La benedizione al Tempio del figlio primogenito é un rito fondamentale nella cultura e religiosità ebraica, sin dai tempi di Mosè. É una benedizione che riguarda il figlio ma anche i genitori che sono chiamati ad accompagnarlo alla fede.

Anche Maria e Giuseppe compiono questo rito. É il segno di un affidamento al Signore del Figlio Gesù, a cui Simeone, da anziano e uomo pio, aggiunge parole di benedizione in quella che noi conosciamo come il Cantico di Simeone, che recitiamo prima del riposo.
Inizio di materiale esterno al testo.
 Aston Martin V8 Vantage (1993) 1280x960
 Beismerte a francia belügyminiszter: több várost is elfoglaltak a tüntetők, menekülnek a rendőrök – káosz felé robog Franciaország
Simeone oltre ad essere un uomo di fede é un profeta benedicente perché indica la strada verso la quale Gesù sarà chiamato ad incamminarsi.

Le parole di Simeone sono molto forti e un po’ destabilizzano Maria e Giuseppe che sono stupiti di questa benedizione e delle parole conclusive di Simeone. Sono parole che testimoniano che Gesù, il Cristo, il Messia e messaggero di D-o, il Figlio del D-o vivente, é qui per la caduta e la resurrezione di molti in Israele ed é segno di contraddizione.

Sono parole che nel tempo di Natale ci scuotono dall’irenico sapore di un tempo natalizio dove tutti dovremmo, si dice, diventare più buoni. Eh no! Non é proprio così. La liturgia ci mette in guardia dal sentirci a posto e legati solo ai buoni propositi.

Il Bambino della grotta di Betlemme é segno di contraddizione rispetto alla nostra incapacità di ascoltare, vedere e costruire un mondo migliore di quello che abbiamo alle spalle.

Questa é la luce del Natale, stiamone certi!